The team identified two different groups of neurons in the brain. One is what helps mice learn more about outcomes than expected, and what is linked to outcomes that are worse than expected.
“You can think of this as an optimist and a pessimist in the brain. Both give advice on what to do next,” explained Dragowitsch.
When researchers silenced “optimistic” neurons, mice showed behavior suggesting that they expected unattractive rewards. Conversely, when researchers silenced “pessimistic” neurons, mice behaved as if they were expecting a higher value of treatment.
“These two groups of brain cells work together to form a representation of the full distribution of potential rewards for decisions,” Dragowitsch said.
Researchers make decisions about what each initial option represents and how the brain applies to more general reasoning about the world when there is more uncertainty. I look at many future directions for my work, such as whether I’m going to do it.
Drugowitsch noted that further research is needed to confirm human results and adapt the findings to the complexities of human decision-making. However, based on the similarities between mice and human brains, he said that the study suggests how humans assess risks in decisions and that people with specific conditions such as depression and addiction I believe that it could already shed light on the reasons why such evaluations are suffering.
Author, Funding, Disclosure
Additional authors for this paper include Adam Lowet, Qiao Zheng, Melissa Meng and Sara Matias.
Funding: This study was funded by the National Institutes of Health (R01NS116753; F31NS124095), the Human Frontier Science Program (LT000801/2018), the Harvard Brain Science Initiative, and the Brain & Behavior Research Foundation.
About this decision-making and neuroscience research news
Author: Dennis Neelon
Source: Harvard
Contact: Dennis Nearon – Harvard
Image: Image credited to Neuroscience News
Original Research: Closed Access.
Jan Drugowitsch et al. Nature
Abstract
A partner striatal circuit for distribution reinforcement learning.
Machine learning research achieved significant performance improvements for a wide range of tasks by expanding learning goals from the average reward to the overall probability distribution of rewards. This is an approach known as distributed reinforcement learning (RL).
The midlobular dopamine system is thought to underlie RL in mammalian brains by updating the mean expression of striatal values, but neurons in this circuit provide information on higher moments of reward distribution. Little is known about whether or not to encode it, where and how it is done.
Here, to fill this gap, a mouse streak uses a high density probe (neuropixel) to perform a classical conditioning task in which reward, reward variance, and stimulus identity is manipulated independently. Physical activity was recorded.

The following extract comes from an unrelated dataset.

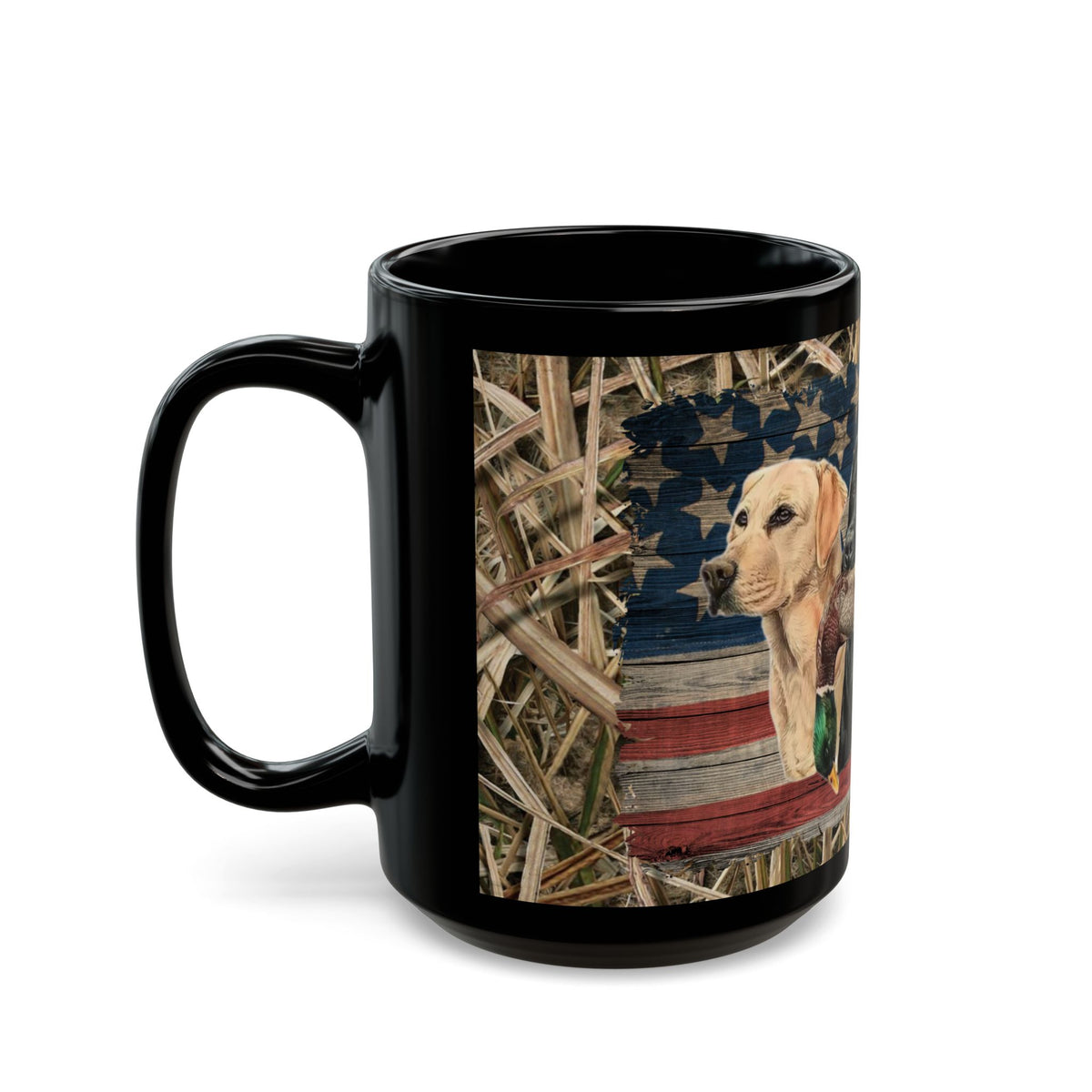 Three Labrador Retrievers with Duck and American Flag Mug | Black Ceramic Mug, duck hunter coffee cup, duck hunter gift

In contrast to traditional RL accounts, robust evidence of abstract encoding of striatal variance was found. Chronic ablation of dopamine input disrupts these distributional representations of the striatum without interfering with mean coding.
Two-photon calcium imaging and optogenetics contribute to this code by preferentially encoding the right and left tails of the reward distribution of two major classes of striatal media neurons (D1 and D2) respectively. It has been revealed that he has done it.
We synthesize these findings into a new model of striatal and osteotitis metaphoric dopamine that exploits hostility between medium spiny neurons of D1 and D2 to enjoy the computational benefits of distributed RL.